Par  François Soudan

François Soudan est directeur de la rédaction de Jeune Afrique.

Dans un bureau de vote à Abidjan, en 2016.

Guinée, Centrafrique, Côte d’Ivoire, Burkina Faso, Niger… Au cours des cinq prochains mois, cinq présidentielles cruciales vont se tenir en Afrique francophone. Et les jeux y sont plus ouverts qu’il n’y paraît.

« Une dictature, disait Georges Clemenceau, est un pays dans lequel nul n’a besoin de passer la nuit devant son poste de radio pour apprendre le résultat des élections. » À cette aune, indubitablement, l’Afrique n’est plus ce continent où voter revenait à parier sur une course à un seul cheval, quand tout, y compris les taux de participation mirobolants, était préfabriqué. De la Guinée à la Centrafrique en passant par la Côte d’Ivoire, le Burkina Faso et le Niger, aucun des cinq scrutins présidentiels de ces cinq prochains mois ne peut être considéré comme joué d’avance.

Certes, dans chacun de ces pays, ce qui fait le menu des brèves de comptoir de médias occidentaux obsédés par la résilience de pseudo-« traits culturels » africains sera probablement présent. Du vote communautaire à la fraude, de la manipulation des foules aux achats de voix, ces cinq élections se dérouleront (quoique à des degrés divers) sur fond de réactivation – voire d’exaltation – des clivages identitaires, de clientélisme assumé et de ce revers quasi inévitable de toute confrontation électorale sur le continent qu’est la violence physique.

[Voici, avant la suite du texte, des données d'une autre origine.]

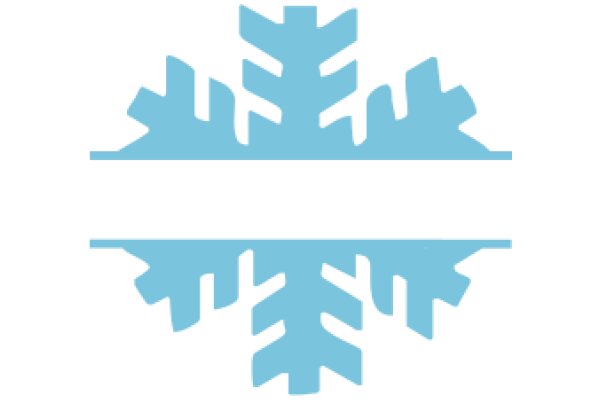 Stylized Blue Snowflake Logo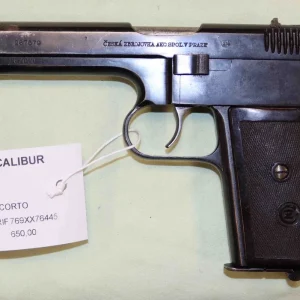 Pistola CZ Modello 38 Calibro 9 Corto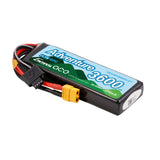 GENS ACE - Adventure HV Shorty 3600mAh 3S1P 11.4V 60C LiPo Battery with XT60 Plug 90x42x25mm 215g (GA3600-3S60-HV)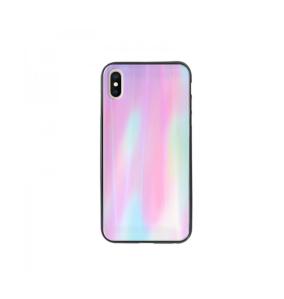 FUNDA CARCASA DE CRISTAL TEMPLADO ROSA CLARO PARA IPHONE X / XS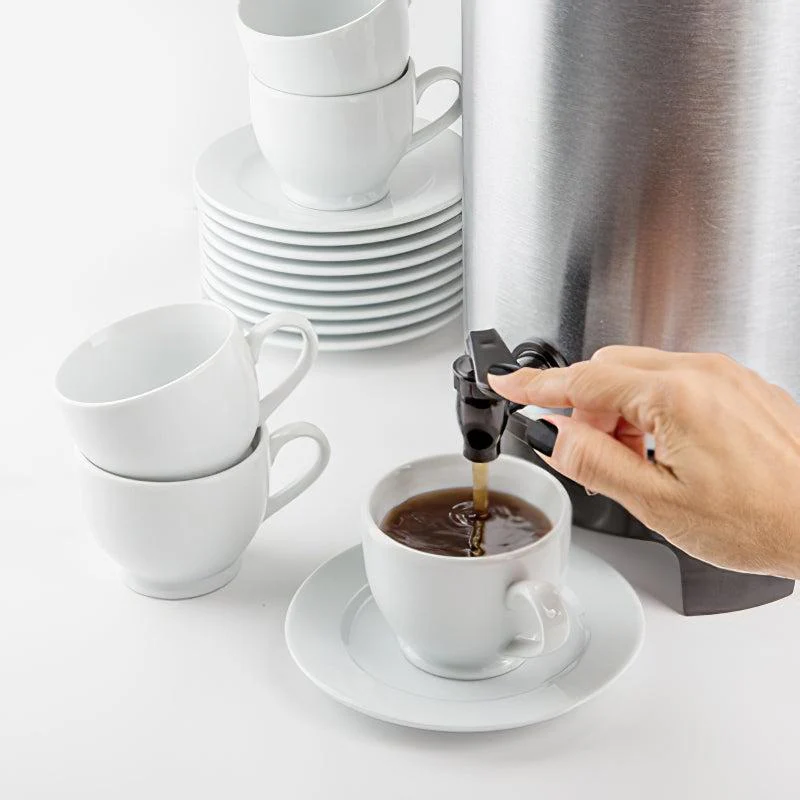 BLACK & DECKER CAFETERA PERCOLADOR 30 TAZAS CMU3000 ACERO INOXIDABLE TANQUE DE ALU - Image 2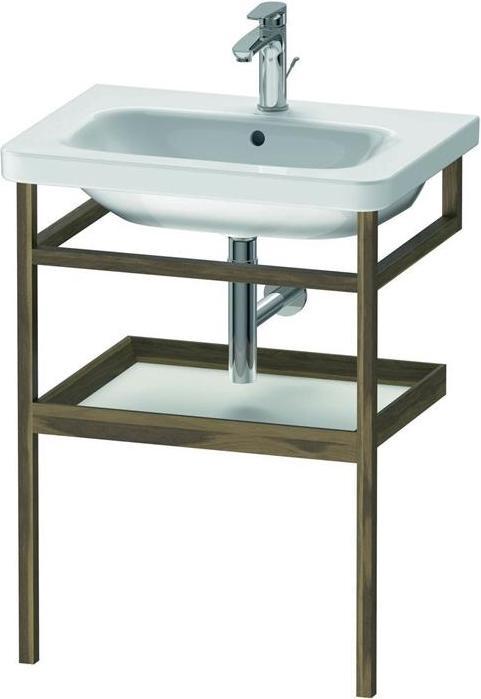Actual product image Duravit Towel rail DURASTYLE 440x590mm w. drainer white matt/solid walnut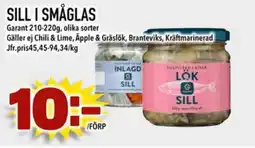 Prisma Mat Garant Sill i småglas erbjuda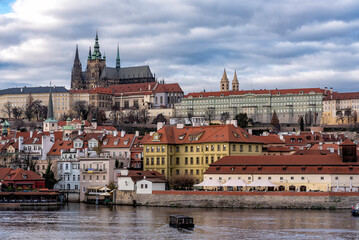 Fototapeta premium Prague Castle in Prague at the river Vltava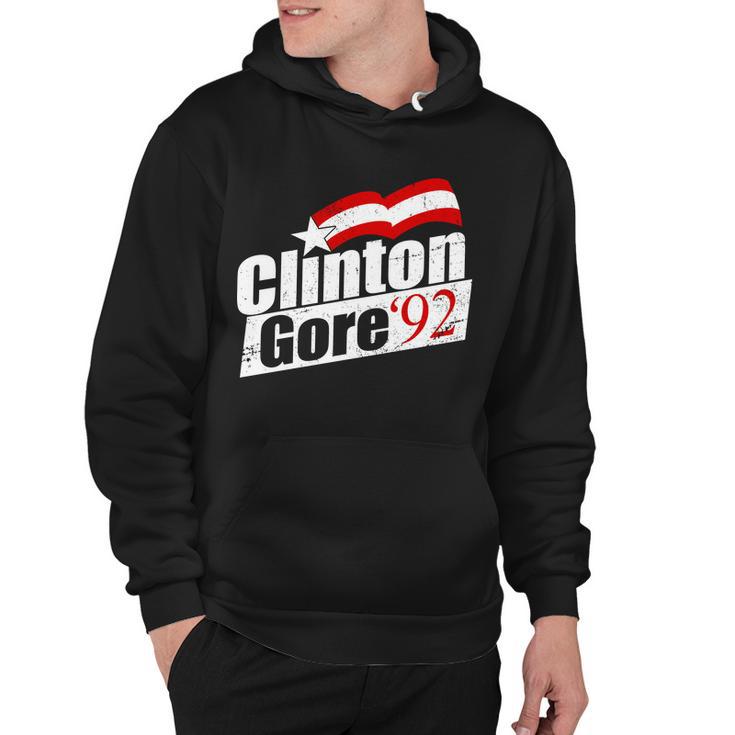 Retro Clinton Gore 1992 Election Hoodie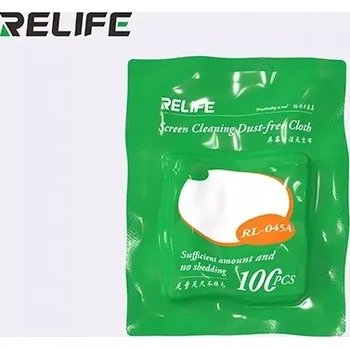 Utěrka Bílá bezprašná utěrka 100 ks RL-045A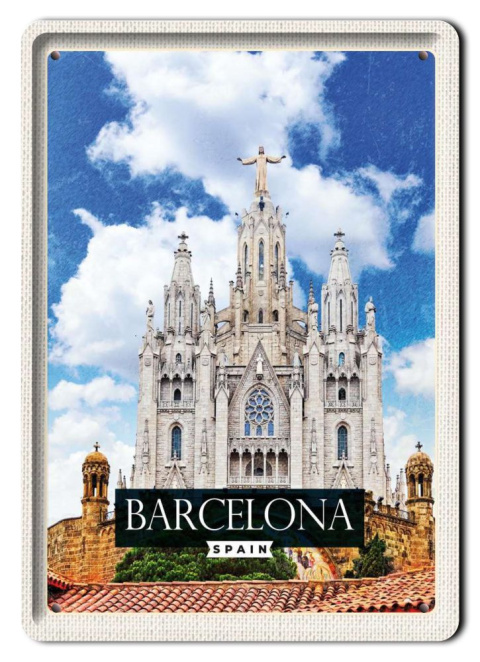 BARCELONA PLAKAT METALOWY OBRAZEK #13595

Cependant, par rapport aux élections sans choix ni concurrence du passé, dont nul n’imagine plus le retour, le progrès est indéniable : la fraude et l’achat de voix ne sont plus l’apanage des partis ni celui des candidats au pouvoir, et, en deçà de ce qui est perçu comme le seuil de tolérance pour qu’une élection soit présumée libre (ne pas faire obstacle à l’alternance), tous les coups sont permis en démocratie électorale, y compris l’usage de la force. Plus il y a de choix, plus la lutte est âpre, mais à tout le moins y a-t-il compétition pour la conquête du pouvoir…

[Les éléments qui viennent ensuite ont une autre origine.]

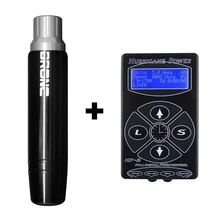 Профессиональный комплект татуировки включает в себя Колибри Bronc-V5 роторная машина татуировки ручка швейцарский мотор с hp-2 татуировки питания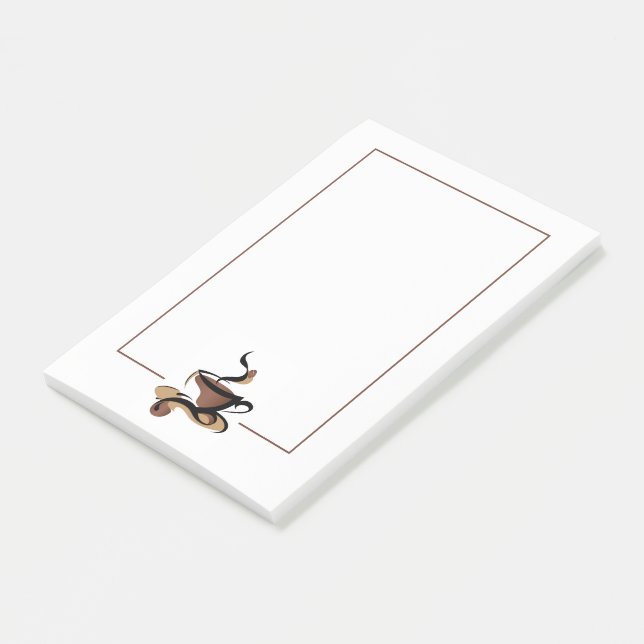 Kaffeebecher Post-it Klebezettel (angewinkelt)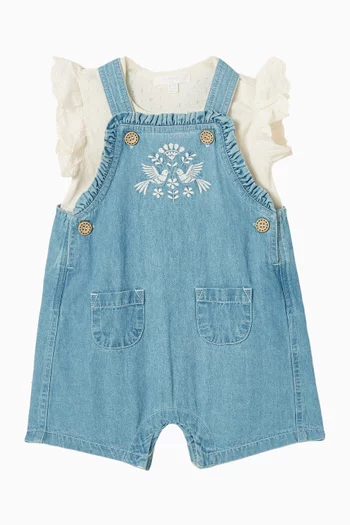 طقم أوفرول دينم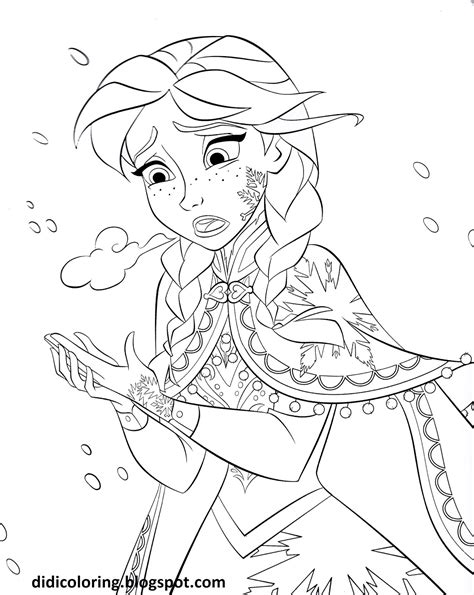 Howdy everyone , our latest update coloringsheet which your kids canhave a great time with is princess anna and kristoff from frozen coloring this below coloring sheet dimension is about 600 pixel x 900 pixel with approximate file size for around 119.50 kilobytes. Didi coloring Page: Frozen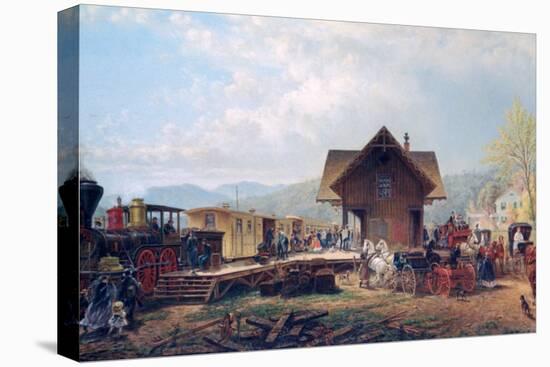 The 9:45 Accommodation, 1867-Edward Lamson Henry-Premier Image Canvas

À Bamako comme à Conakry, la « ruecratie » risque, si elle s’impose, de remettre à la mode l’exact opposé de la démocratie : les juntes militaires

Guinée

C’est là que devrait avoir lieu, le 18 octobre, la première édition de cette série de scrutins présidentiels. À l’heure où ces lignes sont écrites, la coalition au pouvoir s’apprête à désigner son candidat, et, sauf révolution copernicienne, ce sera le président sortant, Alpha Condé. Tout comme son voisin Alassane Ouattara, Alpha Condé a fait adopter une nouvelle Constitution qui l’autorise à concourir. Mais à la différence de ce dernier, l’idée de céder la place à un dauphin ne l’a jamais effleuré : il se prépare à cette échéance depuis le jour de sa réélection, en 2015, persuadé de devoir achever son projet de modernisation de la Guinée avant de passer la main à une nouvelle génération.

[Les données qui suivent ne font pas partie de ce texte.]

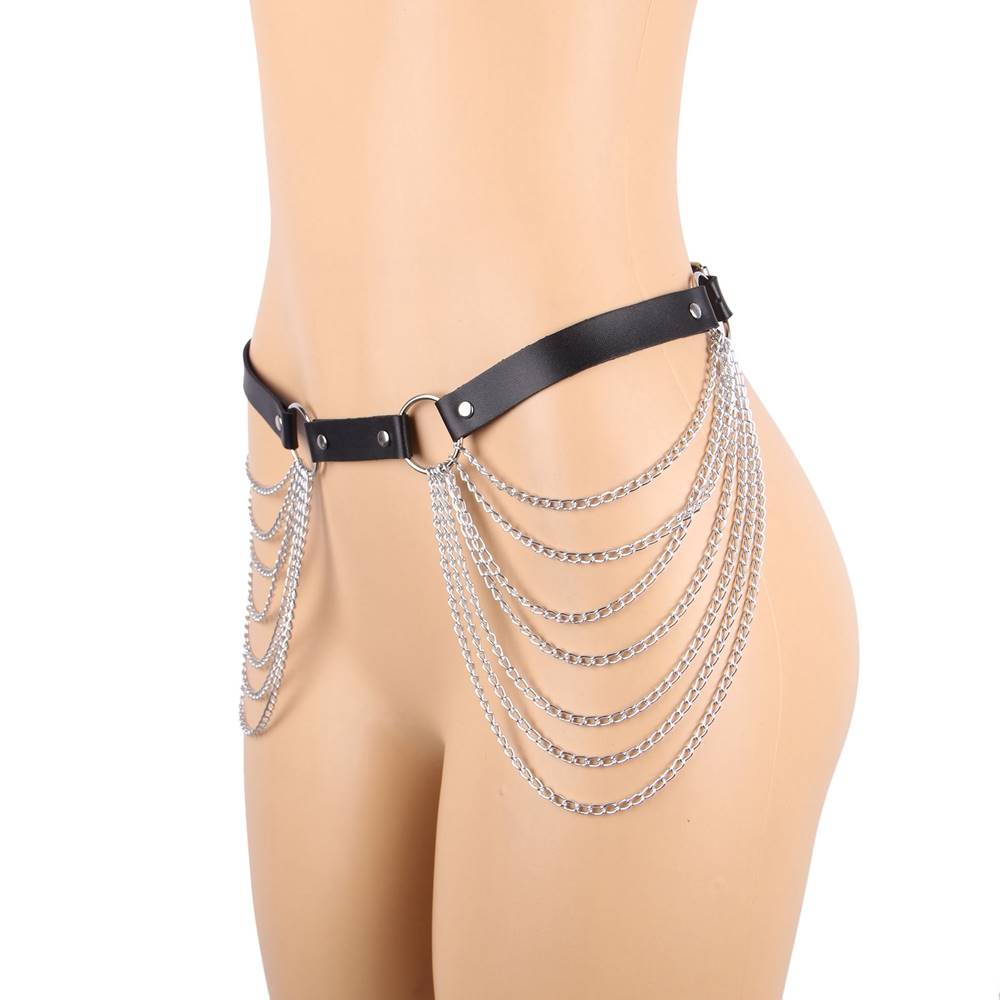 All-match trend metal tassel dark punk chain belt Egypt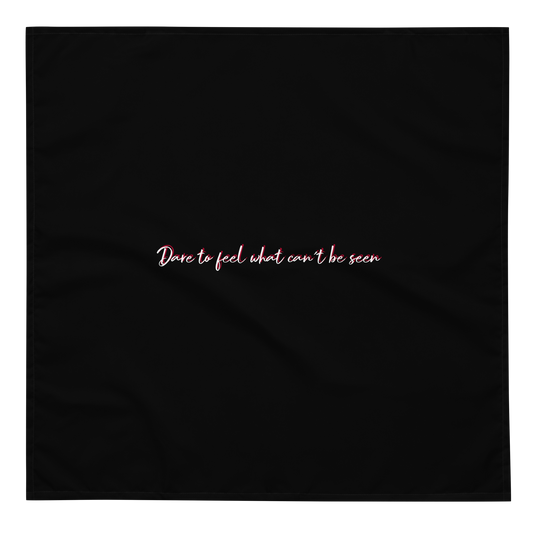 Silk-Touch Statement Scarf – For Play, Fashion & Imagination. Dare to feel what can’t be seen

Ses deux principaux adversaires, Cellou Dalein Diallo et Sidya Touré, que la mise en œuvre de ce scénario éliminerait ipso facto de la scène politique, sont résolus à l’en empêcher. Et comme ils ne reconnaissent pas à Alpha Condé le droit de se représenter, ce n’est pas dans les urnes mais dans la rue qu’ils comptent parvenir à leurs fins. Longtemps contraintes par la crise sanitaire, les manifestations devraient bientôt s’intensifier, et les dix semaines à venir seront tendues.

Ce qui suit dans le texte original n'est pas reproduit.